CAMPAIGNERS are to build a giant collage of postcards calling on City of York Council leaders to clear genetically-modified foods from their plates.

The protesters want the city council to declare itself "GM-free" and to take steps to stop crops that have been genetically-altered from being grown on their land.

Members of York and Ryedale Friends of the Earth believe such crops could contaminate other plants and damage our food and the environment.

The all-day event, on Saturday, will be part of a nationwide movement of up to 70 protests staged by the GM-Free Britain Campaign.

Organiser Josie Downs, of Friends Of The Earth, said: "We are building this collage to show the council that people in York do not want their food, farming and wildlife threatened by GM pollution.

"This is a crucial time in the GM debate because the Government will soon decide whether to allow GM crops to be commercially grown in the UK.

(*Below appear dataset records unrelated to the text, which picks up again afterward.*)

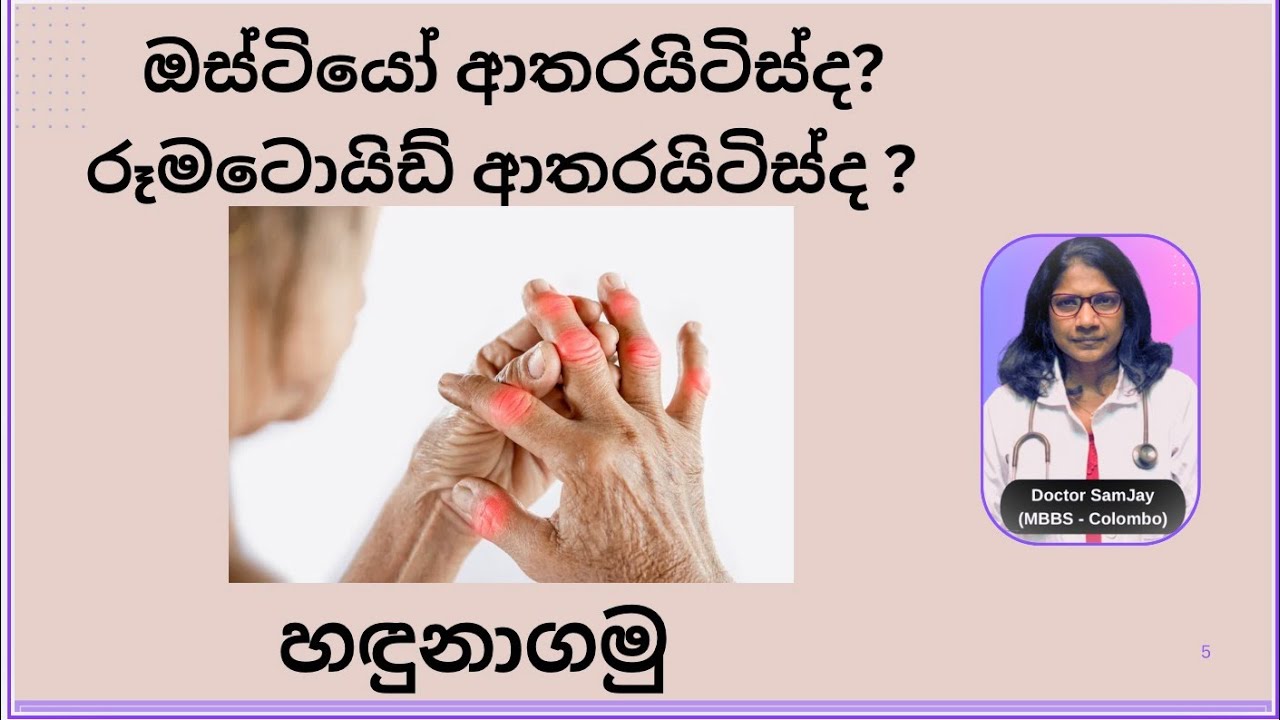 රූමටොයිඩ් ආතරයිටිස් සහ ඔස්ටියෝ ආතරයිටිස් #rheumatoidarthritis #osteoarthritis 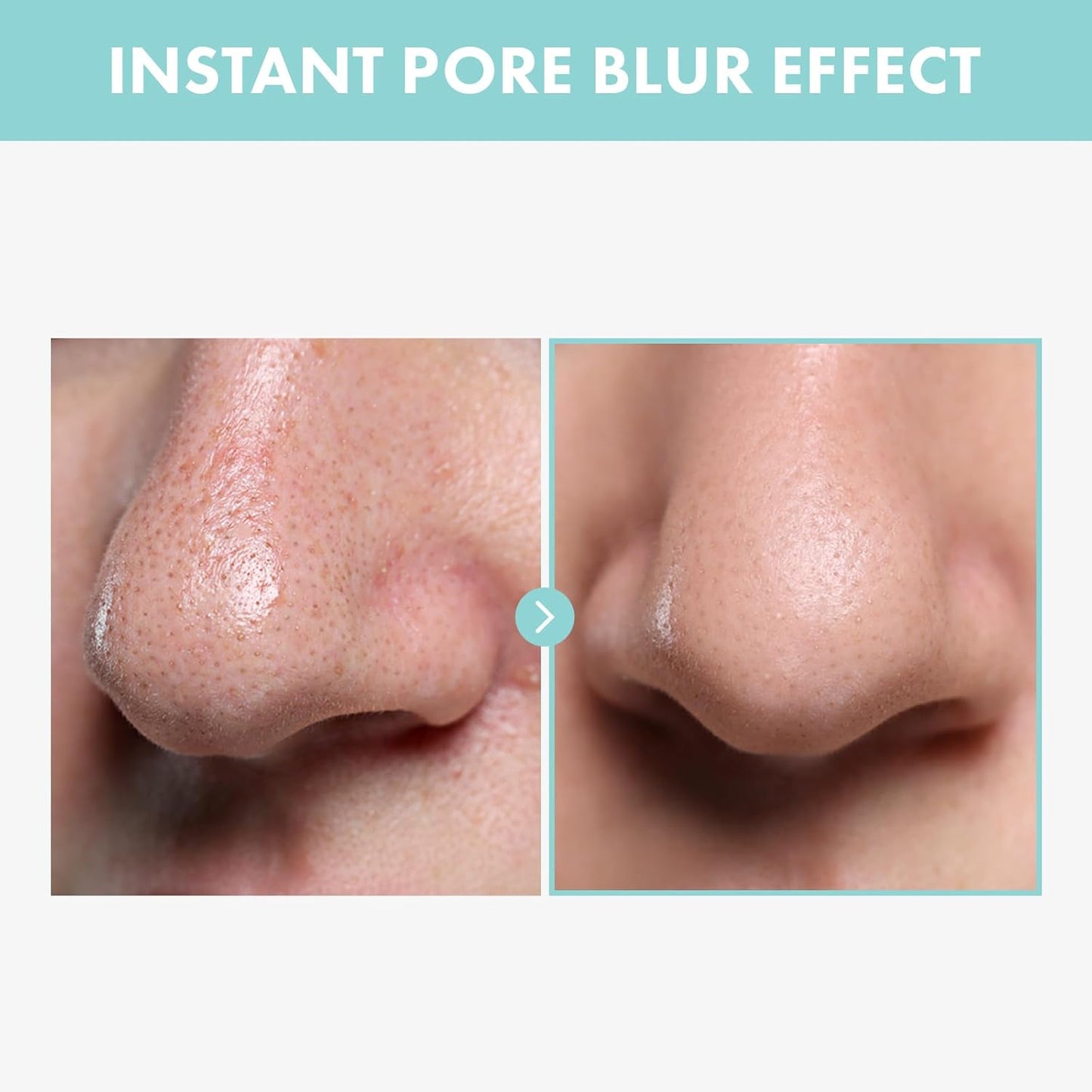 Pore Tightening Serum, Instantly Reduces Pores, Smooths Skin & Strengthens Barrier, Formulated With Niacinamide & Allantoin, Pore Minimizer For Face, Korean Skin Care, 30ml, 1.01 fl. oz.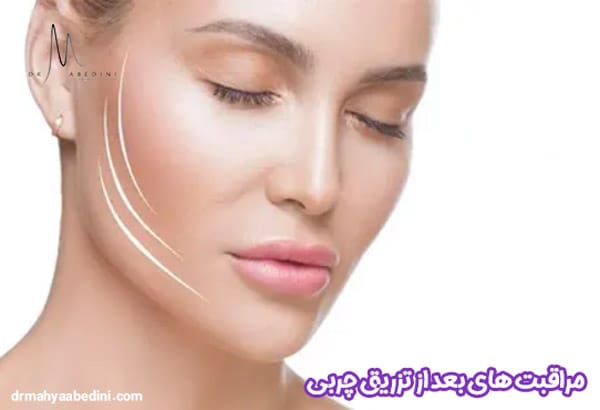 مراقبت های بعد از تزریق چربی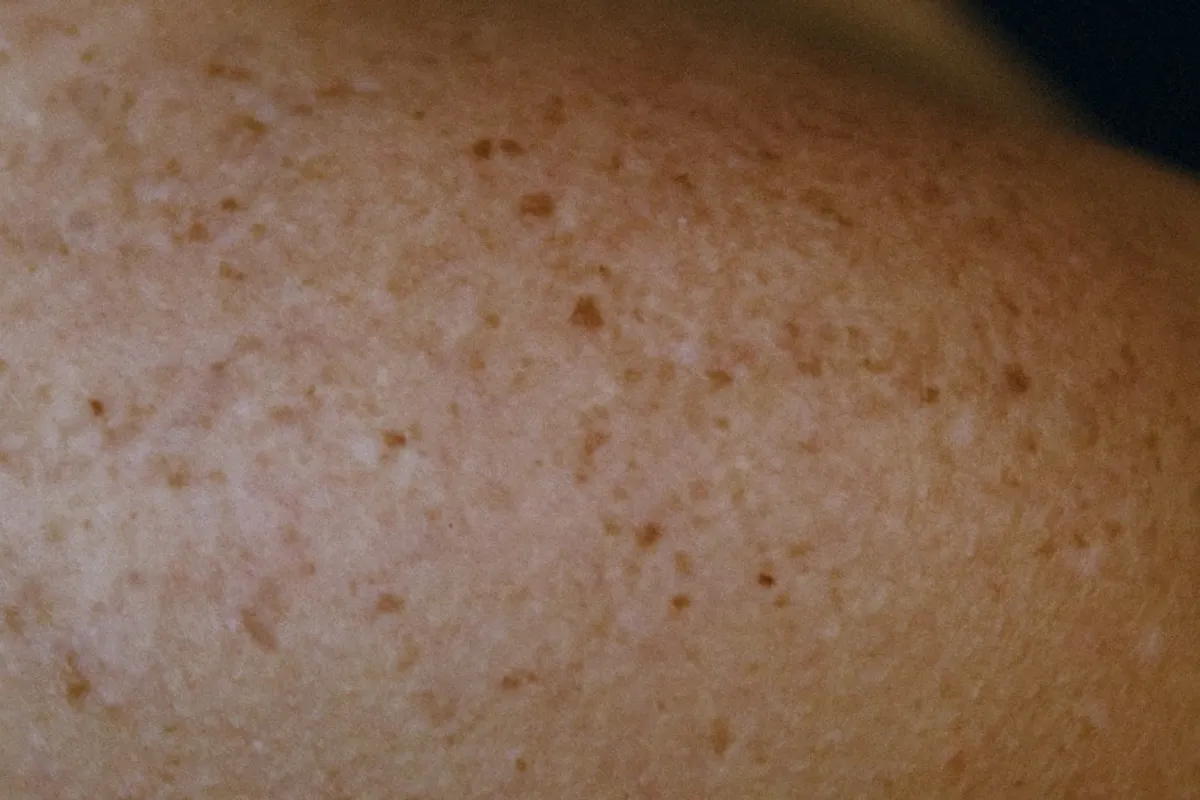 Piel con pecas, fotografía ilustrativa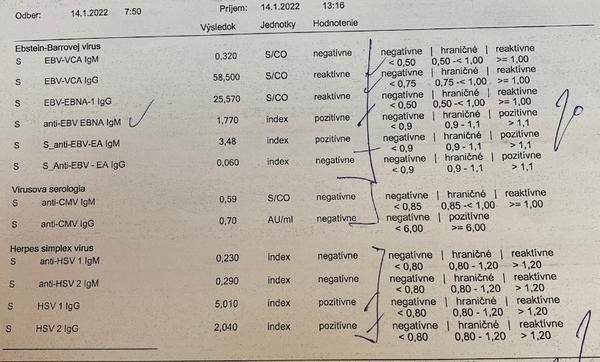 Ako posilniť imunitu, keď cítim únavu a mám EBV?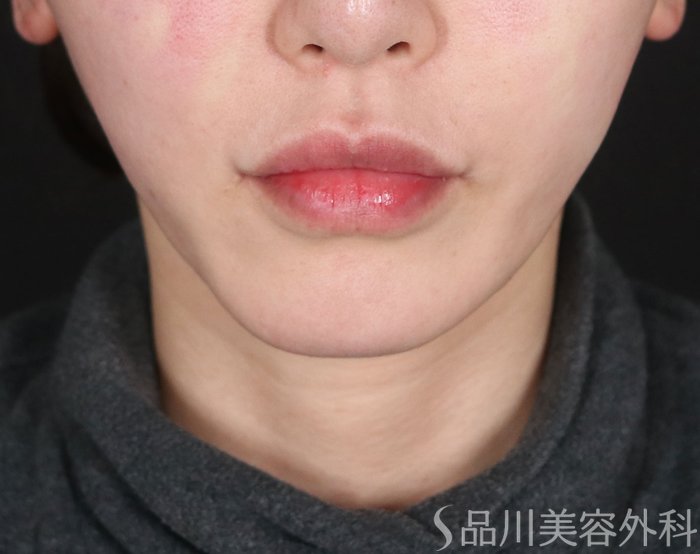 症例NO.73420のAFTER写真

"If this happens, our right to continue to choose GM-free food will disappear. Other councils have taken a stand against GM crops and food by voting to go GM-free. We want York Council to make the same commitment."

The group is calling on City of York Council to write to the European Commission and the UK Government asking them to prevent particular crops from being grown here.

Campaigners are also asking the council to ensure that no GM crops are grown on publicly-owned land and to adopt a GM-free policy for goods and services.

New European legislation gives local authorities more powers to gain legal protection for their area from particular types of genetically-modified crop.

A spokeswoman for the council, said: "As with all petitions, we will ensure that the collage is handed over. It is up to councillors to debate and discuss the issues surrounding GM produce and farming and to decide on an appropriate policy for the council."

The protest will take place in Parliament Street, outside the Marks & Spencer store, on Saturday from 10am onwards.